Author

USTelecom Media

WC 14-130 et al: USTelecom Ex Parte on Comprehensive Review of the Part 32 Uniform System of Accounts Response to Ex Parte by ACA

Download: ExParte_re_Part32_ACA_Rsp_02.16.17_lf.krs_.pdf

USTelecom and its member companies submit this ex parte filing to respond to the ex parte submitted recently by the America Cable Association (ACA) about the overdue phase-out of Part 32 accounting obligations for price cap carriers.

 

What ACA has proposed does not raise anything beyond that which was already proposed by NCTA – The Internet and Television Association, in their ex parte letter filed last week. Part 32 accounting is a relic of rate-of-return regulation, and continuing these costly accounting requirements makes no sense for America’s price cap carriers.

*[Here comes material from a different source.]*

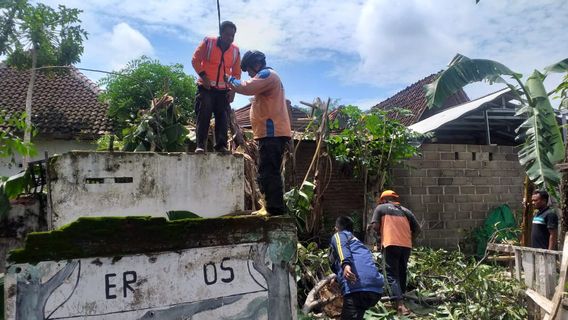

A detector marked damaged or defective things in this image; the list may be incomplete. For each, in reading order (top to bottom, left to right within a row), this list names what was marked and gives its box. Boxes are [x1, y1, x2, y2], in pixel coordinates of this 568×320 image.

damaged roof [0, 65, 112, 139]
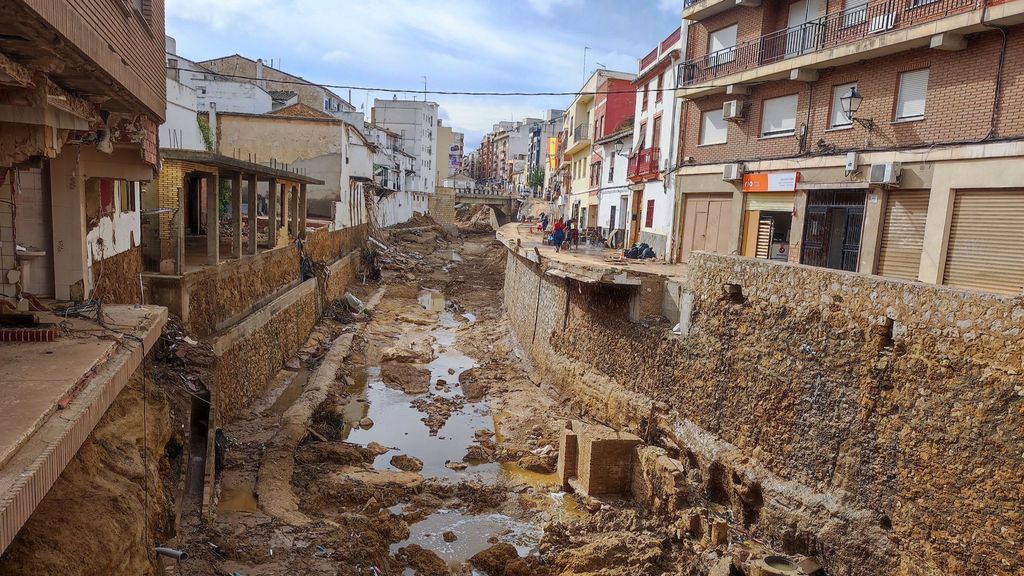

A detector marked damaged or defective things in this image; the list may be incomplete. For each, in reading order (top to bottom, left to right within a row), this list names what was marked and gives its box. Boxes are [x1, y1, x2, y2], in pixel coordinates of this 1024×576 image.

damaged balcony [0, 303, 165, 553]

Any sort of requirement that Part 32 books be maintained only for pole attachments defeats the value the relief sought. These duplicate accounting requirements impose real costs, needlessly tying up resources that these carriers otherwise could devote to more productive uses.

 

USTelecom and its members worked diligently to develop a reasonable transition mechanism for the calculation of pole attachment rates once price cap carriers are no longer required to maintain accounting records derived under Part 32. The transition as proposed mitigates for the differences between the two accounting regimes. A freeze of any sort does not provide any additional benefit to either party. It only serves to arbitrarily freeze a rate from a single year’s costs and fails to incorporate on an annual basis the statutorily relevant expenses and costs that vary significantly from year to year. The ILEC proposal meets the statutory goals of the Act and is an appropriate long-term solution that relies on annual, auditable accounting data while at the same time neutralizing any impact of the transition from Part 32 to GAAP on pole attachment rates. The carriers’ approach is a conservative system – presented in good faith – to transition price cap pole attachments from one accounting methodology to another. The proposal is not an effort to increase pole attachment rates; any suggestion otherwise is conflating an argument about problems with the formula used to define rates with a procedural accounting issue.